III. Mark The Object

Hebrews 12:2 says, "Looking unto Jesus the Author and Finisher of our faith; who for the joy that was set before Him endured the cross, despising the sham, and is set down at the right hand of the throne of God."

The work "looking" means to turn your eyes away from things and fix them on something. It also means to turn your mind to a certain thing. The minute the Greek runner took his attention away from the course and the goal and turned it on the crowds, his speed slackened, and it's this way with the Christian. The moment you take your attention away from Christ and get it on the crowds or conditions, your speed slackens, and your progress is hindered.

Princess Atalanta was famous for her beauty and speed. Men were captivated by her charm, and asked for her hand. To each one she said, "We will run in a race. If you win, you will get my hand. If you lose, I will get your head." Many men lost their heads over her. But there was one who determined to win her. His name was Hippomenes, and he entered the race with three golden apples.

Amid the cheers of the crowd, the princess and the young man began to race. In just a little while he felt her hot breath behind him, and he dropped a golden apple. She slowed a little to look at it, and he got ahead of her. But she kept on running. Again, she was about to pass him. He dropped his second golden apple. She was fascinated by it and hesitated a little longer, and once more he was out in front. But she picked up speed and started to pass him, and he dropped the third golden apple. Atalanta couldn't resist it. She stopped just for a second, she stopped, and she picked it up.
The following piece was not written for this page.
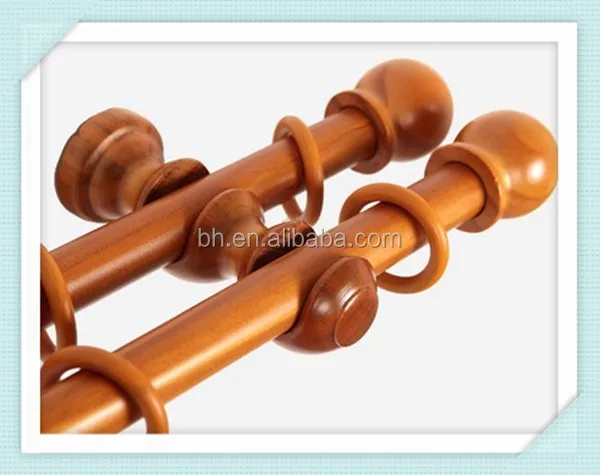 Nouveau Design Antique Pin Double En Bois Bois Tringle À Rideau ... Nouveau Design Antique Pin Double En Bois Bois Tringle À Rideau ...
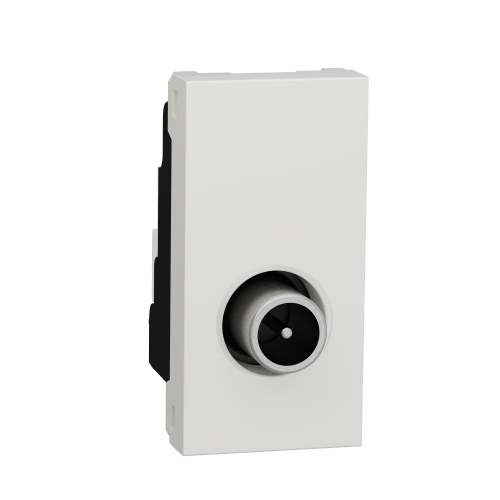 Schneider Nová UNICA strojek 1modul zásuvka anténní TV 1.5dB; bílá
But the young man won the race. The princess lost her hand and her crown for the golden apple.

The devil entered the race, like this young man, with three golden apples, "the lust of the flesh, the lust of the eyes, and the pride of life." He drops an evil desire before you, hoping you'll slow your speed, and lose your race. And when you don't stop for that temptation, he drops another, and then another.


You can't afford to hesitate, you must hurry. Keep your eyes off that which glistens and keep them on God. Turn your eyes from the solicitations to sin and keep them on the Savior. And run, steadily and swiftly, to win the prize.

Yes, looking to Jesus gives you the motive in running and winning the race.

A fable says that a certain dog used to boast of his ability to outrun any animal. One day that dog started to chase a rabbit, but couldn't catch it. His friends teased him. "But," he protested, "the rabbit was running for its life. I was only running for dinner."

Christian, run in such a way to get the crown that will last forever. Determine with the apostle Paul, "I do not run like a man running aimlessly; I do not fight like a man beating the air. No, I beat my body and make it my slave so that after I have preached to others, I myself will not be disqualified for the prize."